We have celebrated the event by really pushing the boat out: we have 'enjoyed' a really pretty middling takeaway curry and had a good sneer at Surallen's Calvalcade of Business Idiots (i.e The Apprentice). We have then done what every married couple with young children does when given the chance: gone to bed for a good hard sleep.
Sleep is sadly not arriving, however, because I have drunk most of a bottle of wine and am feeling 'a bit chatty', and because the curry its working its dubious magic and I am breaking wind, really quite dramatically, at intervals of around 3-7 minutes.
I am also occasionally giggling at the noise I am making. She really is a very lucky woman.
"Nine years ago today, I was being treated like a princess. Look at me now..." she says sadly into the dark.
"Wow, did you hear that one?" I interrupt. "It sounded just like a duck quacking..."
"Like a princess..." she reiterates, a touch manically.
"You still get treated like a princess..." I retort automatically, but without much conviction, as this is topic of conversation we have explored many times in the past and I cannot ever remember it ending well.
"Huh" she snorts. "Oh yes, just like a princess.

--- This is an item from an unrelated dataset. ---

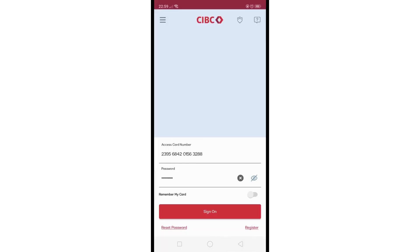To enable the app to remember your card for future logins on this device, just toggle on the 'Remember My Card' option. Then afterwards, just tap on the 'Sign On' button to proceed.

Yesterday a child came into the toilet while I was sitting there, and forced herself onto my lap. I had to pee with a toddler bouncing on my legs. I bet that doesn't happen in Buckingham Palace..."
"You should have locked the door."
"If I lock the door they pound on it and howl, like rabid coyotes...what is that ungodly smell?"
"Amazing, isn't it? I've shocked even myself with that one..."
"Like a princess" she says, like mantra, and I can hear her fists clenching and unclenching in the dark. "Like a princess. Like a princess..."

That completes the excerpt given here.